The max_img parameter specifies the size of the dataset.
The elem_drops parameter specifies a list of WordScape entity IDs to drop. In the above example, these are 14 (table_header), 28 (table_row) and 29 (table_column). For all entity IDs, see the settings module.
The elem_mergings object specifies which WordScape entity classes should be mapped to another entity class; keys of the mapping object are mapped to values. The masters object specifies the name of the new merged class. Note that any entity ID appearing as a value in the mapping object must contain an entry in the masters object.
The elem_mins object specifies the minimum number of representative pages for a given entity ID. The above entry of "1": 20000 guarantees that at least 20'000 pages which contain at least one entity of class 1 will be contained in the resulting dataset, given that enough such pages exist above the configured quality threshold and conformant to the language filter. Note that this takes elem_mergings into account; in the above example, entity ID 2 is mapped to 1, so an entry in elem_mins with entity ID 2 as its key would have no effect.
The scanify parameter, if set to true, configures the augmentation of the page images using the augraphy library.
The quality_threshold parameter is the minimum WordScape annotation quality metric that a page must meet to be considered for inclusion into the dataset.
The language_codes parameter defines a list of languages (based on extraction via fasttext). One of the configured languages must be the main content language of a page for that page to be considered for inclusion into the dataset.
The language_code_threshold parameter defines the minimum confidence of the fasttext content language prediction for a page to be considered for inclusion into the dataset.

Run dataset creation

Once a configuration has been created, to create a dataset for a YOLO model, run:

python ./src/extensions/obj_detection/spaceml/ws_yolo_dataprep.py -ec path_to_config.json -op path_to_output_dataset -np 1

Note that the np argument specifies the number of processes used by the dataset creator; this can be increased to speed up creation.

Training a YOLOv5 model

After a training dataset has been created, train the YOLOv5l model by running:

OMP_NUM_THREADS=12 python -m torch.distributed.run --nproc_per_node 6 ./src/extensions/obj_detection/spaceml/ws_yolo_experimentrun.py \
-cp /mnt/scratch/thannerv/msc-data/my_yolo_data/dataset.yaml -gu "2,3,4,5,6,7" -gb 8 -ep 45  \
-on "my_experiment_name" -rw 1

The OMP_NUM_THREADS=12 and -m torch.distributed.run settings are recommended for running pytorch models in a multi-GPU setting.
The nproc_per_node argument must match the number of GPUs employed.
The cp argument is the path to the dataset config file (created in the previous step).
The gu argument specifies the GPU IDs to use in training.
The gb argument specifies the batch size to use, per employed GPU.
The ep argument specifies the number of training epochs.
The on argument optionally sets a custom experiment name.
The rw flag, if set, initializes training from random weights (as opposed to the pretrained YOLO weights).
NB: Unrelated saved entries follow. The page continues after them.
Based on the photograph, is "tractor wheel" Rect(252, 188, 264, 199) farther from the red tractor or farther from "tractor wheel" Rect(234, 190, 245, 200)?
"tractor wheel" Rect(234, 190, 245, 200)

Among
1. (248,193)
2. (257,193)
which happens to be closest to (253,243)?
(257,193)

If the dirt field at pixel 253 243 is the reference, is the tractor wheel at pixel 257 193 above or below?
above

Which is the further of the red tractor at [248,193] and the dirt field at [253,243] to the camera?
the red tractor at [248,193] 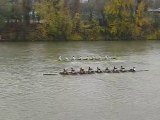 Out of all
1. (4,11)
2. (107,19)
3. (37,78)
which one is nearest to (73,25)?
(107,19)

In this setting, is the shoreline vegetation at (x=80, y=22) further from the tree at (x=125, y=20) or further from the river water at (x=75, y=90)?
the river water at (x=75, y=90)

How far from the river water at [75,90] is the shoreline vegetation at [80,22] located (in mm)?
14941

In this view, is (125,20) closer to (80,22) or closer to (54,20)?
(80,22)

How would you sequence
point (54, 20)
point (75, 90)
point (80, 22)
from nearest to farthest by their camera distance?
point (75, 90)
point (54, 20)
point (80, 22)

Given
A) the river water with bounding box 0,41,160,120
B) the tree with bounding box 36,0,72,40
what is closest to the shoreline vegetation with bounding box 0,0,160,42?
the tree with bounding box 36,0,72,40

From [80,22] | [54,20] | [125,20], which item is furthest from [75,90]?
[125,20]

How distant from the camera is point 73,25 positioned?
6038 centimetres

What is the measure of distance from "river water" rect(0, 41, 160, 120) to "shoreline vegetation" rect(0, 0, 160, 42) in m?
14.9

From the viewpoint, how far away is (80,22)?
6075cm

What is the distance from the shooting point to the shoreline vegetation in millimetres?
59000

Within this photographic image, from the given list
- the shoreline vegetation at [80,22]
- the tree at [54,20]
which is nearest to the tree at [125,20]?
the shoreline vegetation at [80,22]

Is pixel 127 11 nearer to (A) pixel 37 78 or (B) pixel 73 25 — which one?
(B) pixel 73 25

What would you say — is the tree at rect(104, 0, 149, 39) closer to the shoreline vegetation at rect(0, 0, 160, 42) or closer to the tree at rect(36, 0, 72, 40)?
the shoreline vegetation at rect(0, 0, 160, 42)

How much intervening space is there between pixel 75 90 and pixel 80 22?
34.1 m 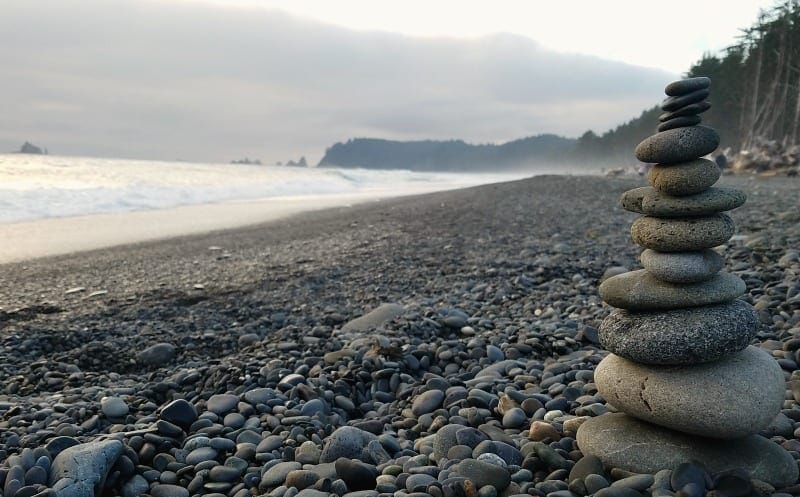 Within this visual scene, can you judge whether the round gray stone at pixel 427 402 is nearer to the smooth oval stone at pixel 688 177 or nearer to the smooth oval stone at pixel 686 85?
the smooth oval stone at pixel 688 177

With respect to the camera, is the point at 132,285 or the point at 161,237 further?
the point at 161,237

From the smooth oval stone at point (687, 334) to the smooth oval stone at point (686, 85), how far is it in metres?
1.21

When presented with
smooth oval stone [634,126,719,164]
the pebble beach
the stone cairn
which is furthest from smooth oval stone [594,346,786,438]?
smooth oval stone [634,126,719,164]

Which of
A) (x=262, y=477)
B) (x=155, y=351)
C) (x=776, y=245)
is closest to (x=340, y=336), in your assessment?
(x=155, y=351)

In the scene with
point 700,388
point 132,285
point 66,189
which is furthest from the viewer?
point 66,189

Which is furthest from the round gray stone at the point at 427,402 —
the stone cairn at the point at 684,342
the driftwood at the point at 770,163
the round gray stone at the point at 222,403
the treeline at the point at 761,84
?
the treeline at the point at 761,84

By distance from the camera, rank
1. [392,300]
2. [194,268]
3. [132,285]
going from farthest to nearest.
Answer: [194,268] → [132,285] → [392,300]

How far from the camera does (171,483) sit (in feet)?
10.8

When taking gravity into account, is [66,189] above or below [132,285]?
above

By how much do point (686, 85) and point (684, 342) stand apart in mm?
1419

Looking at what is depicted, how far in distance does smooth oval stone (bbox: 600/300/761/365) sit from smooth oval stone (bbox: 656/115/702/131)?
1042mm

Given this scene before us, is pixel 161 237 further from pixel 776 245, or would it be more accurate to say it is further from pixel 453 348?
pixel 776 245

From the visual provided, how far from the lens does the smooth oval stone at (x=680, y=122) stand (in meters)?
3.25

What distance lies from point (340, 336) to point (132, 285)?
174 inches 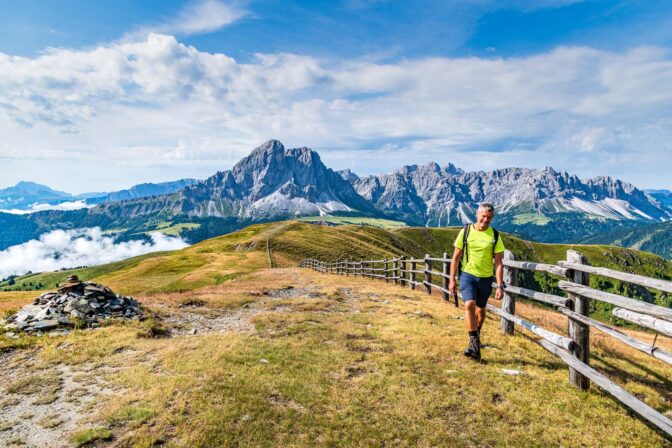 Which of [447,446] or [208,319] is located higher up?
[447,446]

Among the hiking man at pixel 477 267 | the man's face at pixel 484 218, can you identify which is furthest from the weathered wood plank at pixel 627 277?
the man's face at pixel 484 218

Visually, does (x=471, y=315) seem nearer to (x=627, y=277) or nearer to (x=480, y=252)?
(x=480, y=252)

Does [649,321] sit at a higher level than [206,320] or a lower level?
higher

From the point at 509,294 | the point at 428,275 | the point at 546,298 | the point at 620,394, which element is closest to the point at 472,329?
the point at 546,298

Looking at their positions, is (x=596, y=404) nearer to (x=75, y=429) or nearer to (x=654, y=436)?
(x=654, y=436)

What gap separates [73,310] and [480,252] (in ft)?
52.8

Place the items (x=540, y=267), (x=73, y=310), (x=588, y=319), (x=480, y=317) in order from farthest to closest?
(x=73, y=310) → (x=480, y=317) → (x=540, y=267) → (x=588, y=319)

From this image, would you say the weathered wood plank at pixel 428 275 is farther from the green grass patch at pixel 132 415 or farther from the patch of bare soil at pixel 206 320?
the green grass patch at pixel 132 415

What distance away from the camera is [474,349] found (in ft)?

Finetuning using pretrained weights is also possible:

OMP_NUM_THREADS=12 python -m torch.distributed.run --nproc_per_node 6 ./src/extensions/obj_detection/ws_yolo_experimentrun.py \
-cp /mnt/scratch/thannerv/msc-data/yolo_xfund/zh/dataset.yaml -gu "2,3,4,5,6,7" -gb 8 -ep 45 \
-rp "/home/thannerv/msc-thesis/runs/detect/1header_balanced_quality/weights/best.pt" -on "yolo_xfund_zh_pre200k" -up 1 -lr 1

The rp argument gives the path to the pretrained weights (stored in a .pt file) from which to begin finetuning.
The up flag, if set, configures a finetuning run. If this flag is not set, but an argument is provided for rp, training is instead resumed.
The lr flag toggles learning rate decay when set.

Other Extensions

To format a WordScape dataset for training / pretraining in the LayoutLMv3 format, run:

python ./src/extensions/pretrain/layoutlmv3/data_prep/wordscape_layoutlmv3_dataprep.py -ec path_to_config.json -op path_to_output_dataset

The output dataset can be configured the same way as described in "Configure dataset parameters". This will produce a dataset conformant to the huggingface dataset library. This dataset can therefore be used together with the Huggingface LayoutLMv3 implementation.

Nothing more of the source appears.